Où va la Vie va Thy



28 mars 2008

Regards

Le regard des autres
Ces yeux que l’on craint
Ces rires que l’on plaint
Ce sont nos hantises quotidiennes
Des peurs que l’on tait
Ils sont toujours à censurer
Ce que l’on aime ou hait
A dire de manière démesurée
Ce que l’on n’oserait penser tout bas
Fichtre !ils n’en ont cure en aucun cas

Un malheur ici est ailleurs un bonheur
Sans doute ici des rires là-bas des pleurs
La moindre once de miséricorde a quitté ces cœurs
C’est de la chair faite pierre qui parle en eux
C’est l’expression d’un bonheur malheureux
Qui sourd de ces chairs souillées par la rancœur


Une voix dit : « taisez vous car vous n’avez rien à dire »
Elle est raillée par une horde de médisants en délire
Des gens qui ont toujours à dire à propos
Ceux qui veulent corriger toujours quelques défauts
Ont-ils seulement vu la paille dans leurs yeux
Que leurs malades se portent mieux qu’eux

Ah oui ils le voient sans doute
Ont-ils perdu tout sens de l’écoute
Que non il faut voir,
Allez donc seulement savoir ,
Le regard des autres quel poids
On y peut perdre sa foi en soi
On peut s’y perdre soi même
Perdre en soi ce qu’on aime.

Thy

24 mars 2008

Affres...hic

Fière et altière comme une gazelle
Afrique s'enfonçait dans sa misère
Belle ayant perdu son innocence d'antan
De ses amants qui l'avaient aimée un instant
Aujourd'hui il ne restait que des mystères
D'eux il ne restait que des séquelles.

Pour sa joie de vivre on l'aime
Pour son exotisme on la raffole
Pour son érotisme mêlé à son côté animal
Les langues et les sens s'éveillent
Les uns et les autres raccolent
Afrique chaque jour porte le deuil
Des souffrances et nombreux scandales
Que certains hier ont semé et sèment.

Afrique m'a susurré sa douleur muette
Cette plaie béante que chacun voit
Cette plaie qui ne trouve pas de pansements
Elle m'a dit son éternel optimisme
Chantre d'un lendemain qu'elle veut meilleur
Sous des cieux qui pour certains sont paradis
Qui seront un temps encore calvaire pour elle.

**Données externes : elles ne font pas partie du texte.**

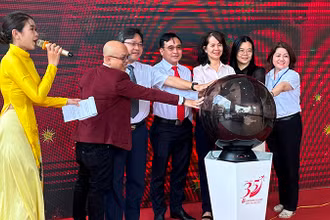 Các đại biểu thực hiện nghi thức khai mạc chương trình “35 năm Tự hào hàng Việt”.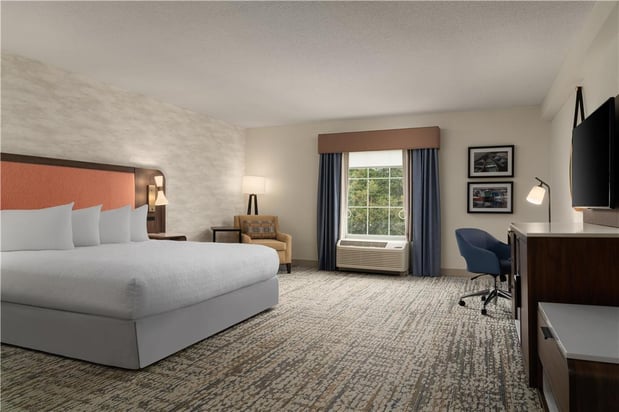 Images Hampton Inn & Suites Newport/Middletown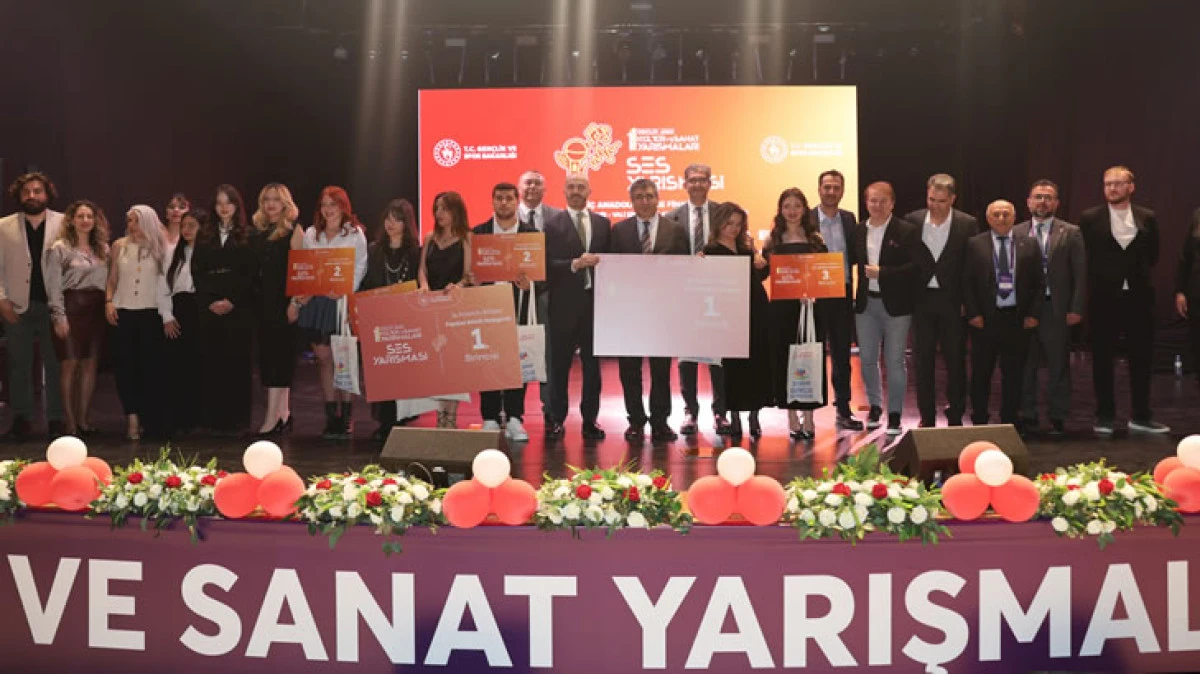 BİRİNCİLER &Ouml;D&Uuml;LLERİNİ T&Ouml;RENLE ALDI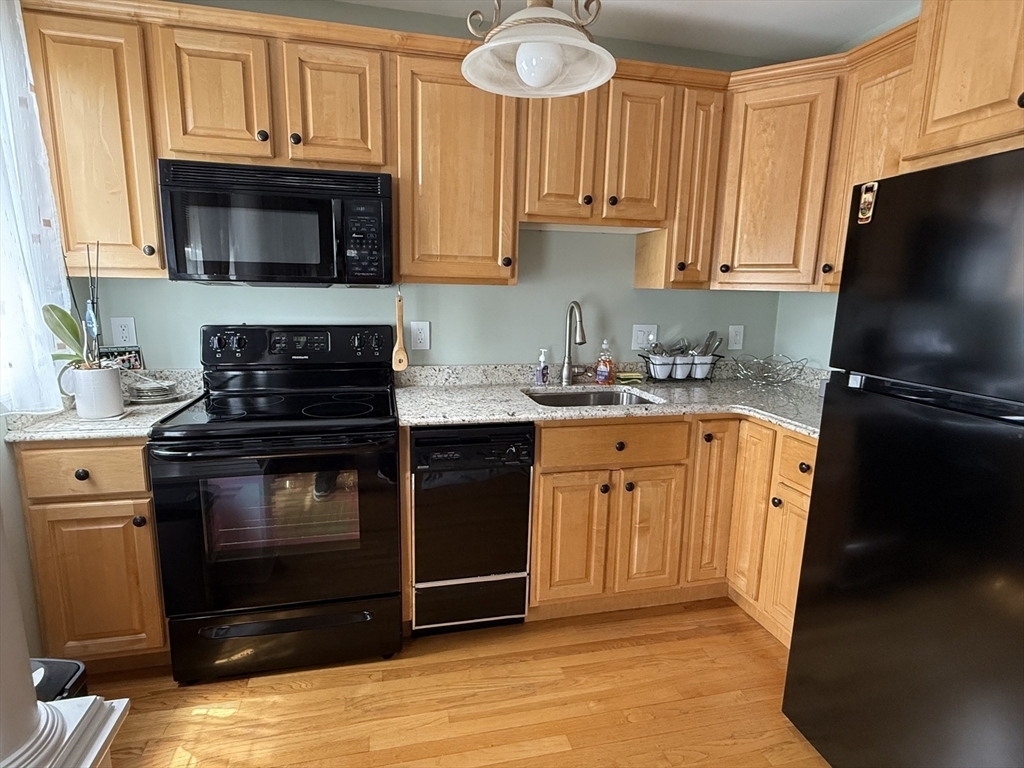 Property Photo: 5 Porter Rd 202 MA 01810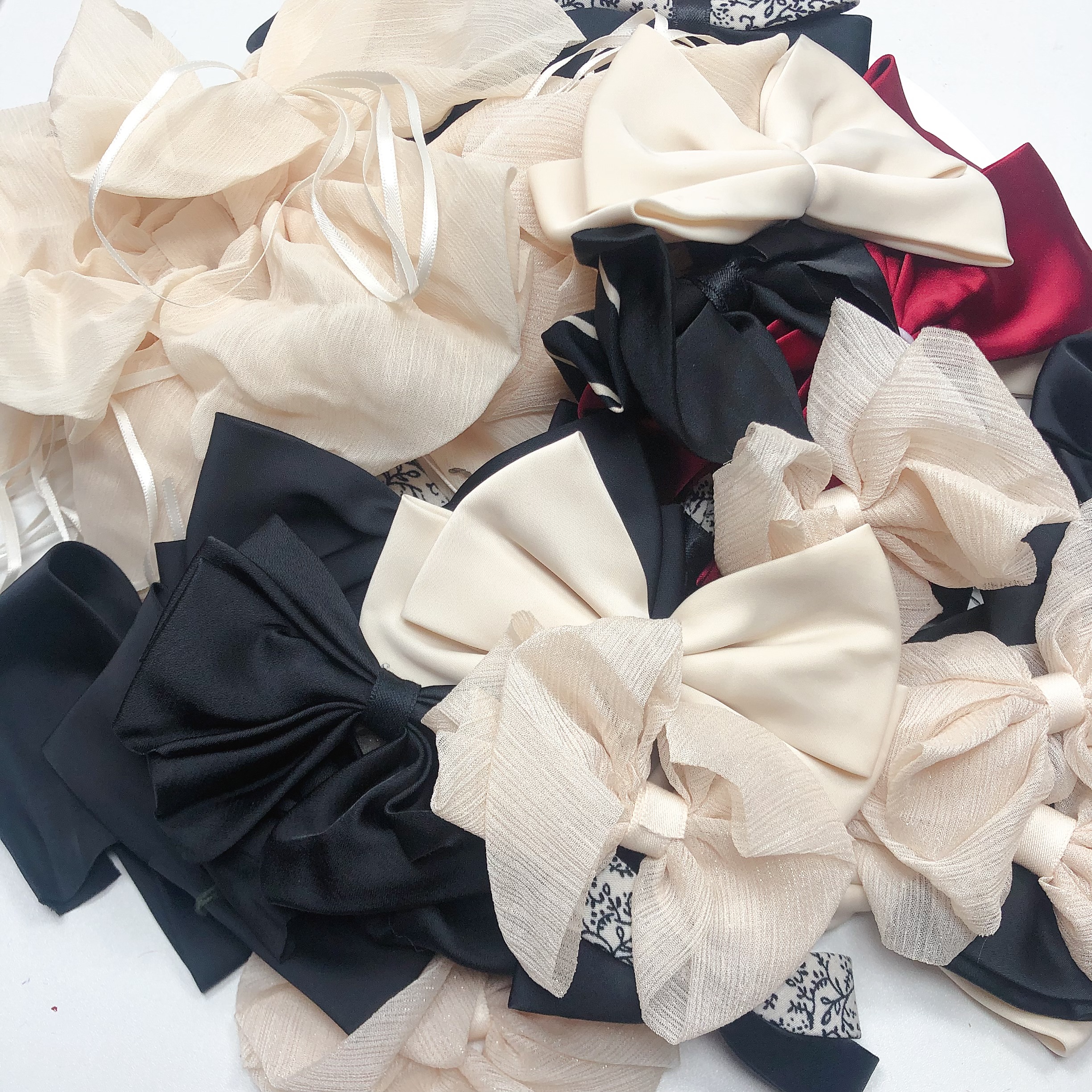 T67蝴蝶结混发盘中250克约38个diy手工材料配件满30包邮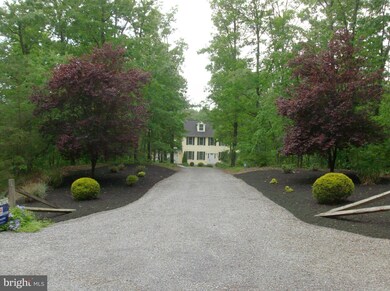 611 Hawks Nest I, Berkeley Springs, WV 25411 - photo 2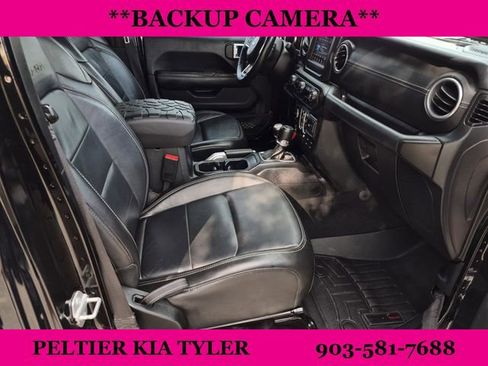 Used 2018 Jeep Wrangler Unlimited Sahara AWD/4WD image 12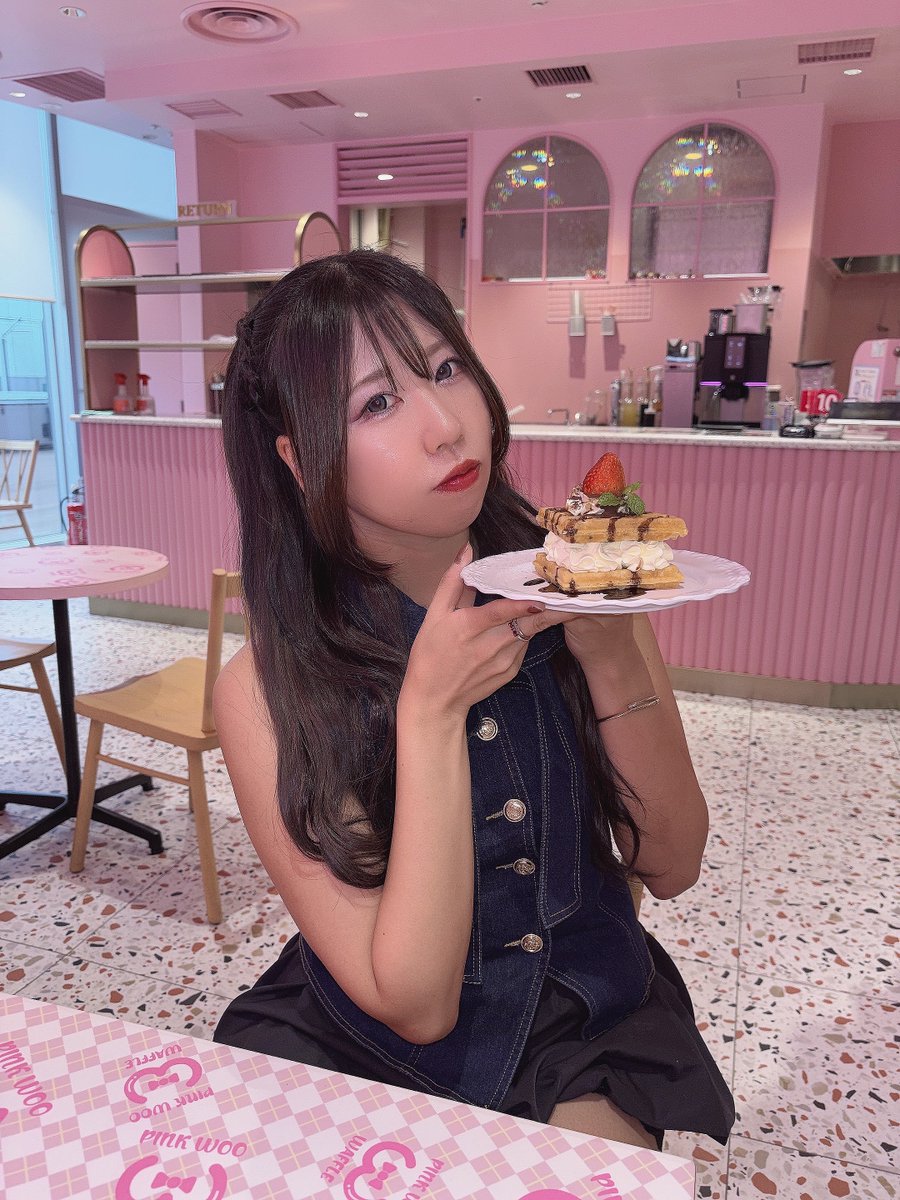 chuluyun's tweet photo. 今日は河原町の店舗様へ販売会のお手伝い♡
先月に引き続き今月もお邪魔します🙋🏼‍♀️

Comme un enfant qui balbutie
Je l'ai entendue parler son areu
Inaudible, insensé mais plein de rythme
Un hymne à la vie plein d'innocence
Qui feignait d'ignorer son malheur,
Les affres d'une existence dont elle est devenue spectatrice
L'imminence d'une adulescence pleine de tourments.

Afrique belle gazelle insouciante
Paradait dans le temps et l'espace
Occultant les dangers qui la guettaient.
Cette Afrique là chaque jour m'appelait
Un temps à ces appels j'ai resisté
Combien de temps le pourrai-je encore....

Thy

21 mars 2008

Silencieuse révolution

J'avais entendu la même histoire
L'histoire d'une belle intégration
Réussie, je n'en sais rien
Ici on en pense le plus grand bien
Je n'en vois qu'un signe d'exclusion
Nous partageons les mêmes parloirs

Nous nous touchons presque
Seulement comme une fresque
Figés, nous le sommes dans l'espace et le temps
Déchirés hélas par des opinions divergentes
Beaucoup invoquent le principe de l'universalité existant
Que faire d'autre que de me fier à leur bonne foi evidente

Ici chaque jour on demande de moi des efforts
M'intégrer à un système qui m'a vu naître
Les vaches elles ont le droit de paître
Innocemment et dans des prés qui me sont souvent hostiles
Les hommes eux s'émeuvent peu de mon sort
Qui n'est certes ni triste ni lamentable
Qui pourrait tout de même gagner en confort
Ce soir encore je m'endormirai avec des pensées qui m'horripilent
Avec l'éternelle question
Une goutte d'eau peut-elle rendre l'océan instable ??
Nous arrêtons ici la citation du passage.